From: Ian Hickson <ian@hixie.ch>
Date: Tue, 5 Feb 2008 19:40:40 +0000 (UTC)
To: Joshue O Connor <joshue.oconnor@cfit.ie>
Cc: HTML WG <public-html@w3.org>
Message-ID: <Pine.LNX.4.62.0802051929340.20115@hixie.dreamhostps.com>

On Tue, 5 Feb 2008, Joshue O Connor wrote:
> I am wondering if you could expand a little on your response.
> > I also think longdesc="" and summary="" have thought us that placing 
> > attributes for specific disabilities into the language itself will 
> > result in overwhelming abuse to the point where the target audience of 
> > those features actually have to turn them off.
> I guess you are referring to using @summary for black hat SEO, but even
> so, is this a solid enough reason to drop it from the HTML 5 spec?

The summary="" attribute hasn't been studied as carefully as longdesc="", 
so it's probably easiest to look at the longdesc="" data (though 
eventually we will of course have to look at summary="" specifically as 
well). For longdesc="", it's pretty clear that the attribute is used so 
rarely, and when used, is so overwhelmingly often used in a way that would 
annoy users, that I simply cannot see a scenario on the open Web where a 
user would actually benefit from a user agent impementing the longdesc="" 
attribute. I would imagine that summary="" (and other attributes, as in 
the context of my original missive) would be subject to similar abuse. 
Obviously, for existing attributes, we would have to continue doing 
research to determine whether the attribute is used usefully enough to be 
usable; for new attributes, we have to use our design judgement based on 
research and experience with existing features.

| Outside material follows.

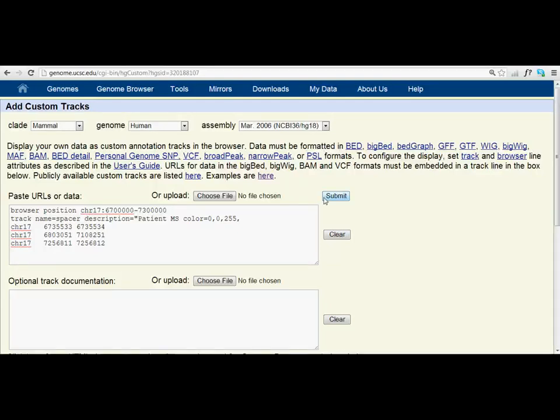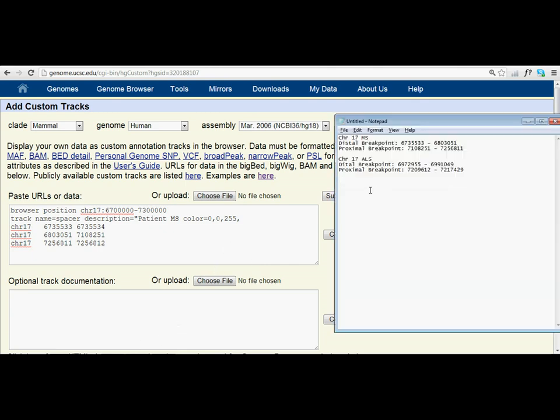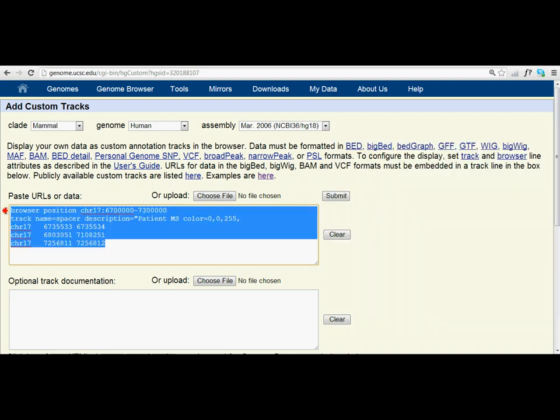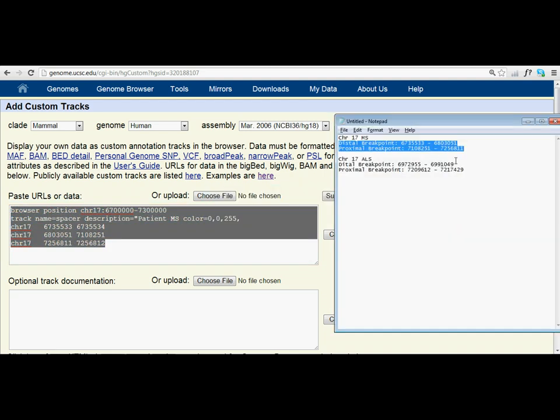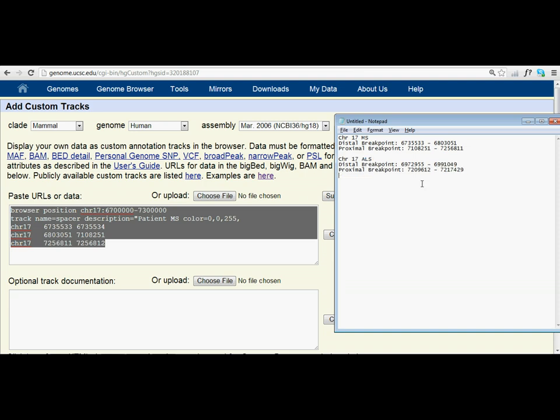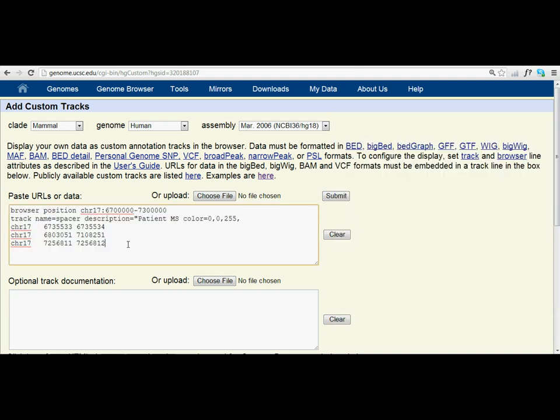In this next video, I'm going to show you how to put multiple tracks on the same genome browser. As you can see in this example, we've got the first patient here with this set of breakpoints. We've already logged that down here. Now the second thing that we need to do is we're going to add the distal and proximal breakpoints for this second patient here. So how do we do that?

Mark Pilgrim summarised the longdesc="" research in his controversial 
article on the WHATWG blog:


> FWIW @summary is a very, very practical and useful attribute for screen 
> reader users

Well, as noted above, I haven't yet done much research on summary="", it's 
waiting with all the other table issues. However, with all due respect, 
one of the most convincing pieces of research I have seen examining 
summary="" -- and most excellent research it was -- was your own usability 
study video, which showed a screen reader user dismiss summary="" out of 
hand as being useless and annoying (paraphrasing from memory). Indeed, in 
that video, it was only after prompting that the subject acknowledged that 
the attribute could theoretically have some use. When the target audience 
dismisses the feature, and the authors dismiss the feature, and the only 
people left saying that the feature is useful are self-appointed advocates 
for the feature (no offense intended, I'm a self-appointed editor!), it is 
usually worth reconsidering whether anyone is really benefitting from the 
feature. (With summary="", though, I haven't yet studied enough data to 
really be able to say with certainty what the conclusion should be.)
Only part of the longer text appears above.